• **ASSIGNMENT**
Lines from the one containing "A Kitchen Aid" through the last line of the data are to be returned exactly, both ends included, minus any pictures.

• **DATASET SECTION**

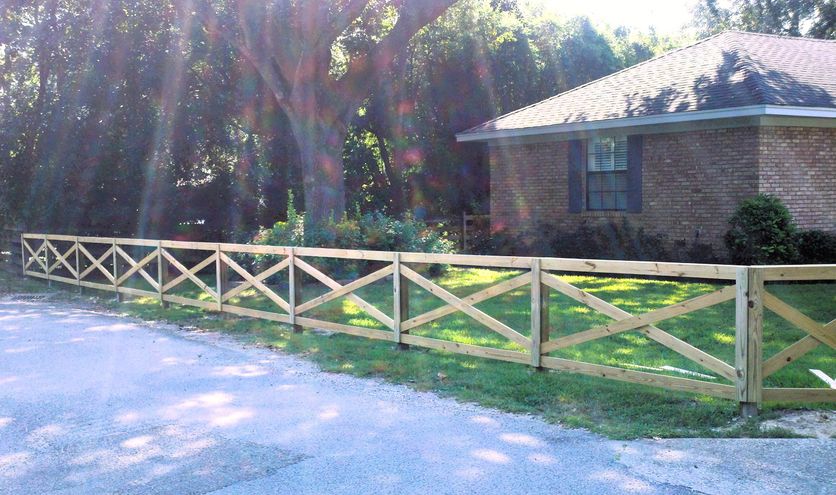 A wood cross-buck ranch fence lining a driveway in front of a brick home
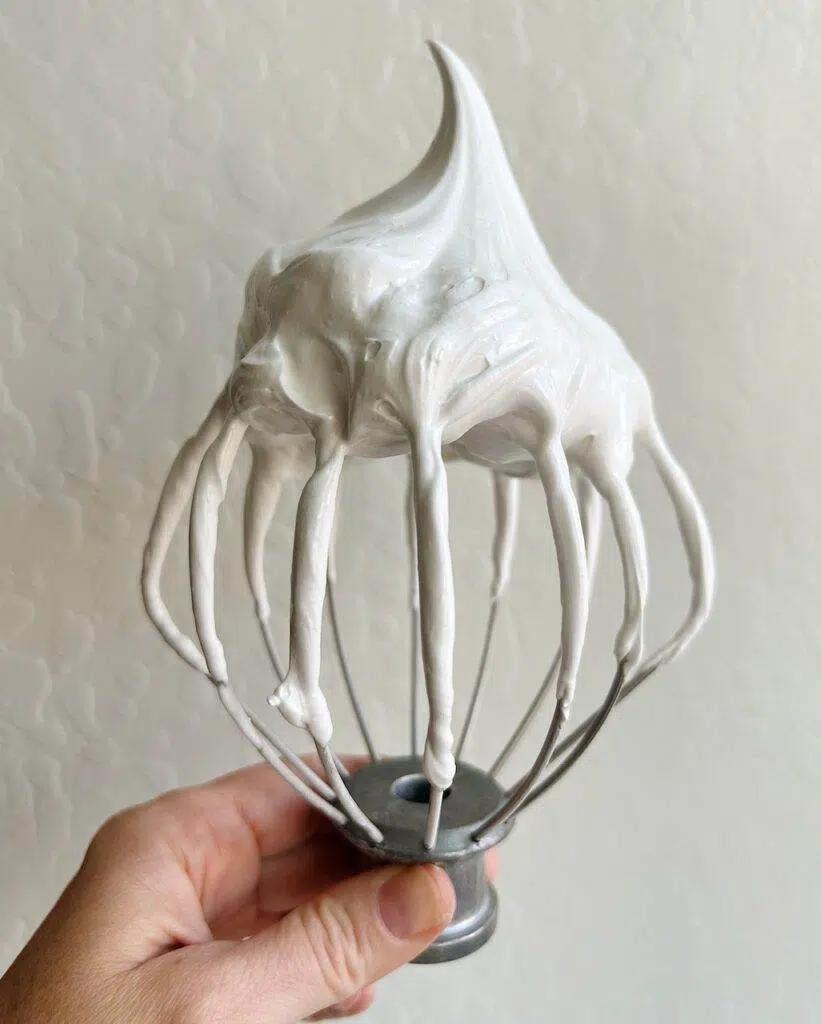 A Kitchen Aid whisk attachment with a stiff meringue mixture.
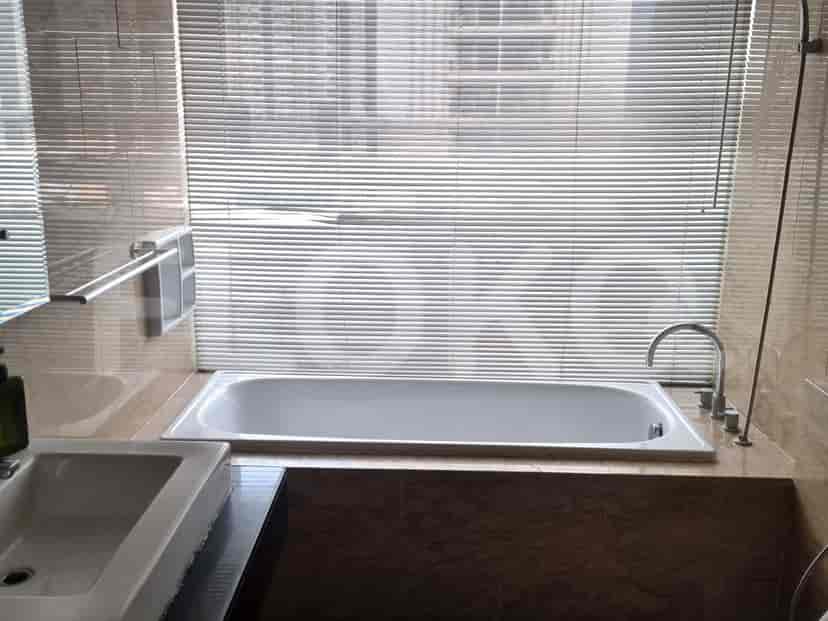 Bathroom with a bathtub and blinds.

• **THE COMPLETED TASK**
 A Kitchen Aid whisk attachment with a stiff meringue mixture.
 Bathroom with a bathtub and blinds.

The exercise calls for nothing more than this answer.